Monday, 20 September 2010

A few photos from Cochabamba

As my time in Cocha draws to a close, here's a few photos from the flickr account I just set up. I thought i'd include a few tracks from another friend from home, George Lenton, so you can watch and listen.

Next month is going to be a whirlwind tour through Peru hitting all the major sights, as I travel with one of my best mates Fred for 3 weeks. Really looking forward to that, because it will be great to see him before I move to Aus for a while.

Another thing coming up soon is a post about this Friday night. I'm going to be djing in a club here in Cochabamba called flowm, we'll see how dubstep, crunky house grooves and drum and bass goes down in Bolivia!


 Spanish Sahara - George Lenton remix by georgelenton

Wednesday, 15 September 2010

Travel lessons from a frutas ensalada

My favourite place to get breakfast in Cochabamba is the Mercardo de Comida, full of great cheap food, bustling with people, delicious smells and the sound of the stall owners trying to entice you to try their sopas.

I must have tried almost every frutas ensalada vendor in the market by now, for those who fancy making the journey its on calle  25 de Mayo between Sucre and Jordan.

Here are a few shots of the breaky!

Everyone has their own preferences, I prefer durazno yogurt (peach flavour, excuse the spelling) I like to get a lot of the helatina (the red jelly stuff) and most of all I hate it when the vendor tries to bulk my ensalada out with too much papaya and bananna. However, as the most feared ensalada critic in town, most of them know better than to try that shit on me by now. The best stalls are the ones on the far left of the market with proper seating areas.

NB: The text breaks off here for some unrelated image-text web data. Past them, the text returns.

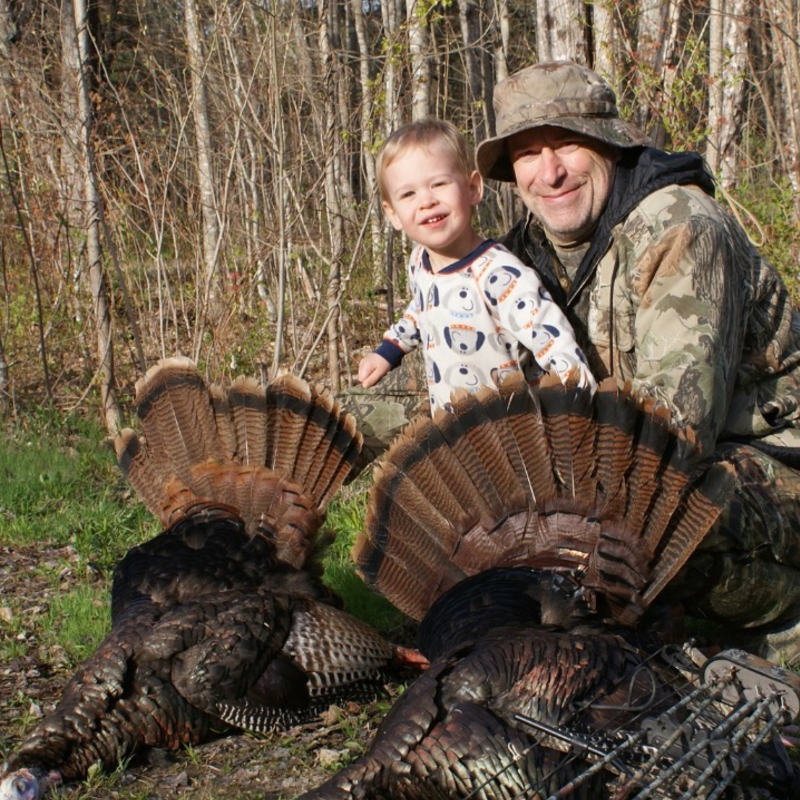 turkey harvest by Perry Hatch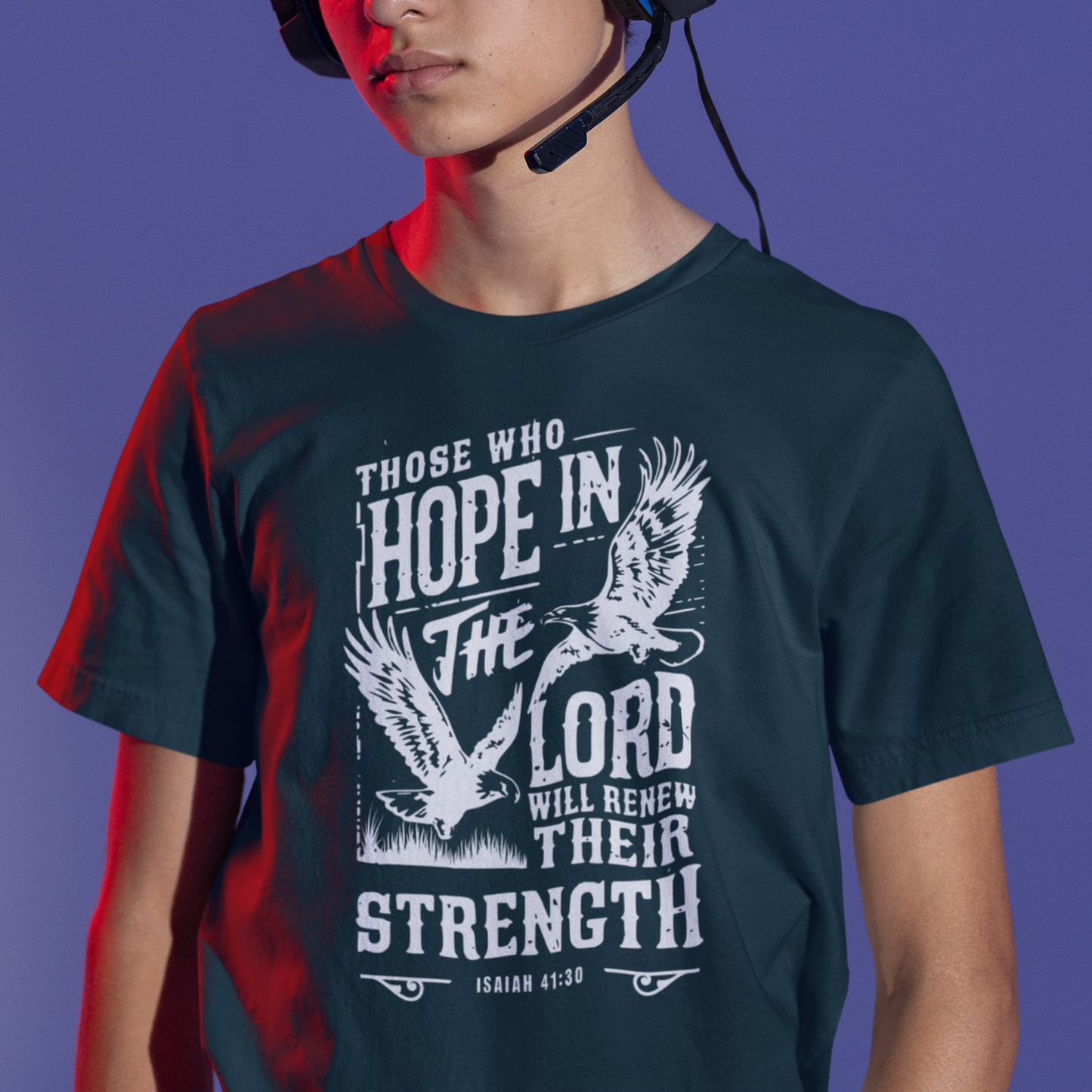 Those who Hope in the Lord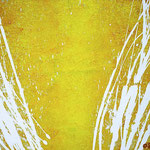 Good News, Acryl auf Leinwand, 70 x 90 cm, 2002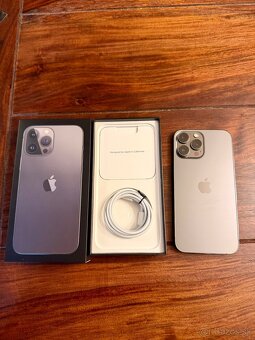 Predám IPhone 13 PRO Max - 3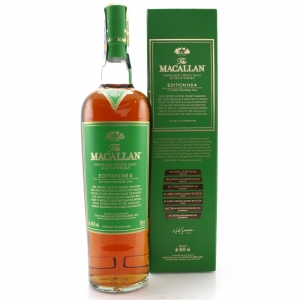 Macallan Edition No 4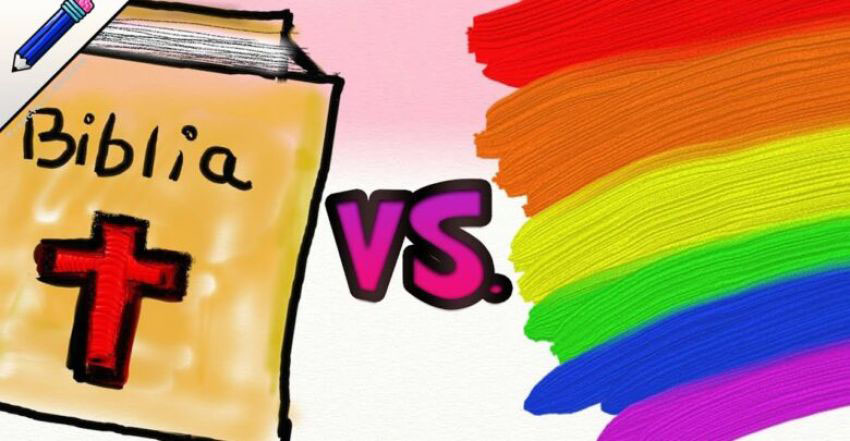 Activiștii LGBT din Marea Britanie atacă etica sexuală biblică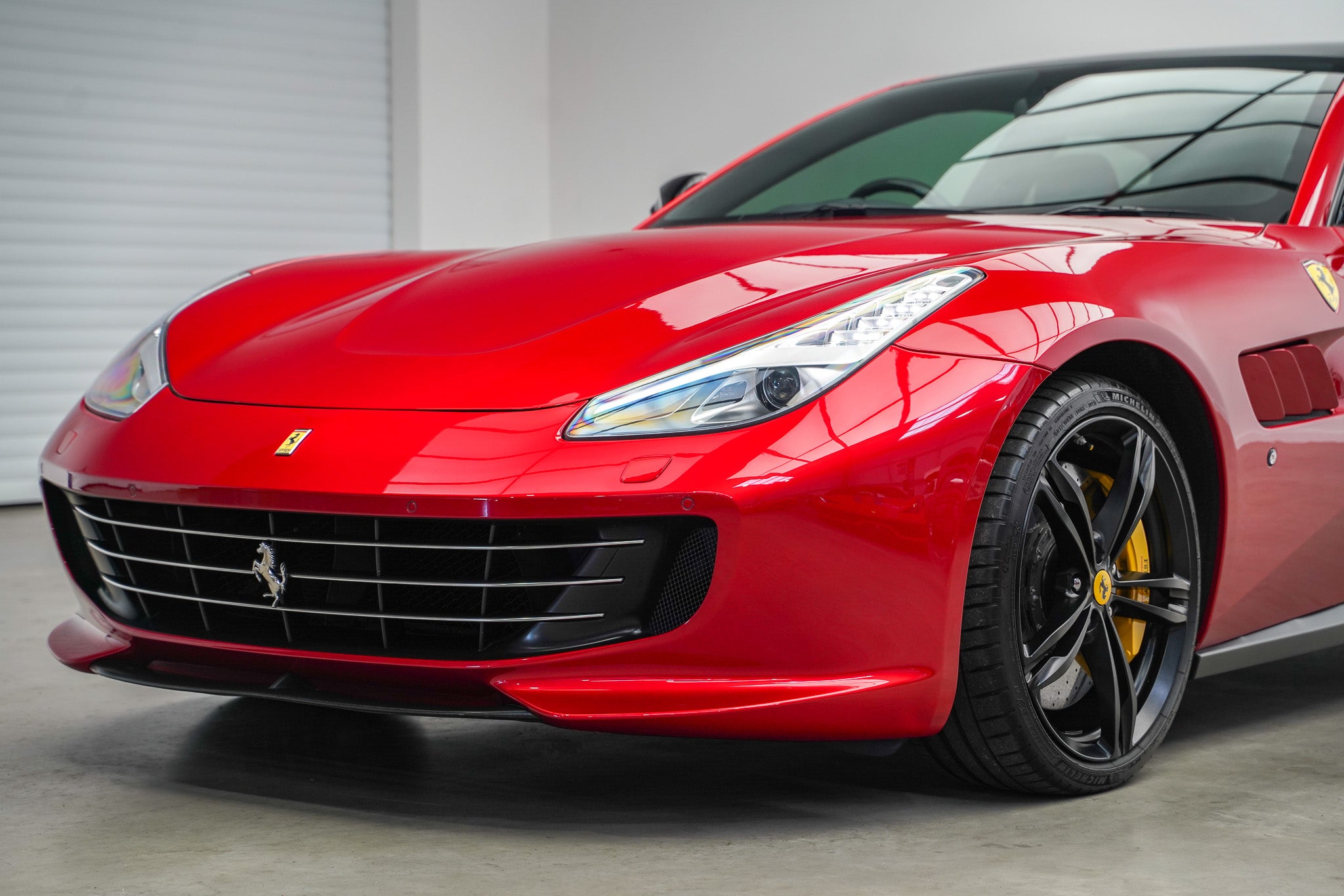 2017 Ferrari GTC4 Lusso V12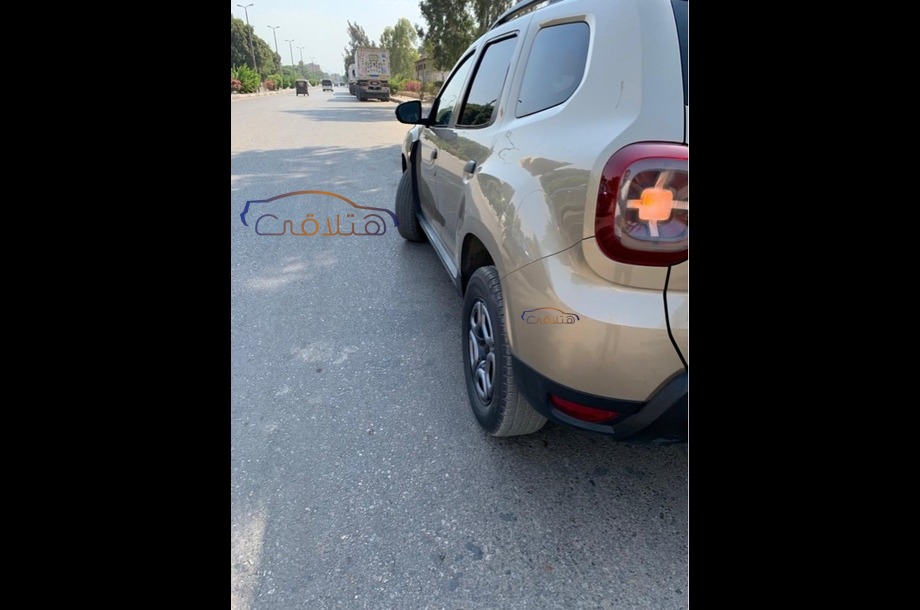 Duster Renault Bronze
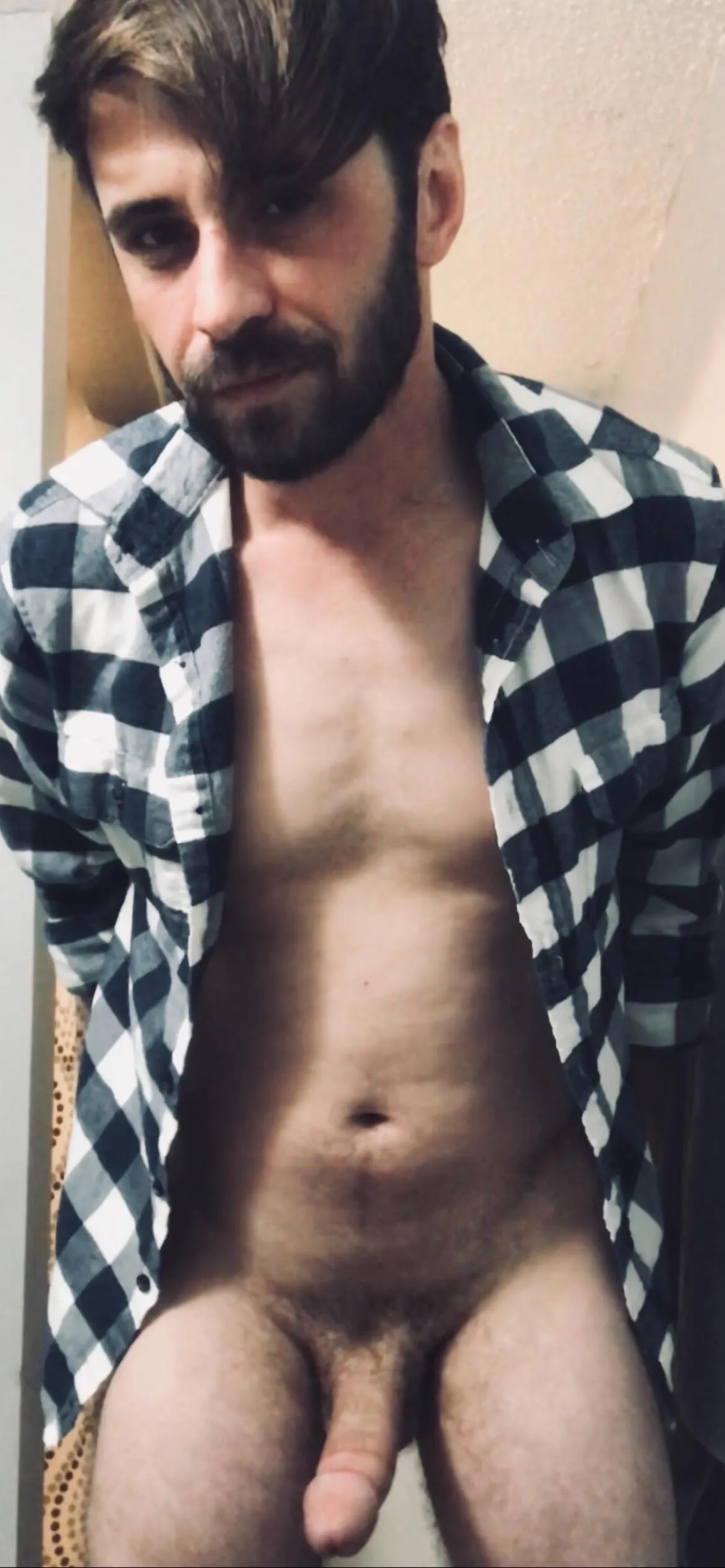 Flannel weather is the best weather.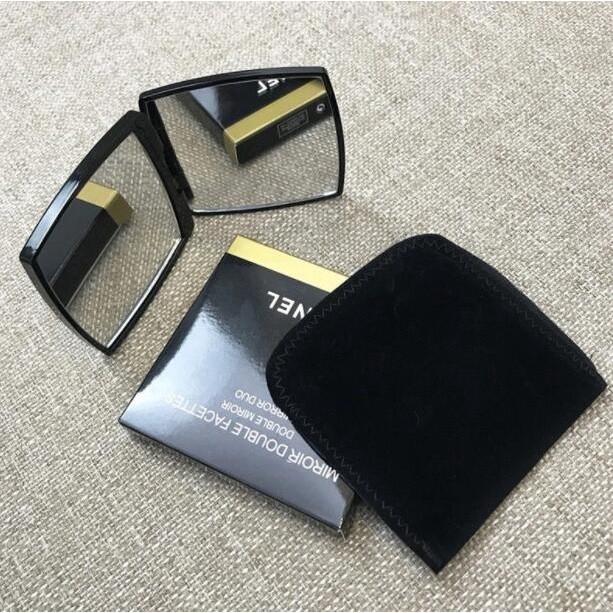 Free Post To West Malaysia Only Pre Order 10 Days Foldable Makeup Double Sided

Where am I going with this though, I guess the thing about staying in one place for a while - at least a month - is that you take the time to find these kinds of spots and places you love. You make friends with more of the locals, you get to explore little surrounding villages which you might not ordinarily visit on the typical trail - like our Sunday Chicha trip to a nearby village called Tarata.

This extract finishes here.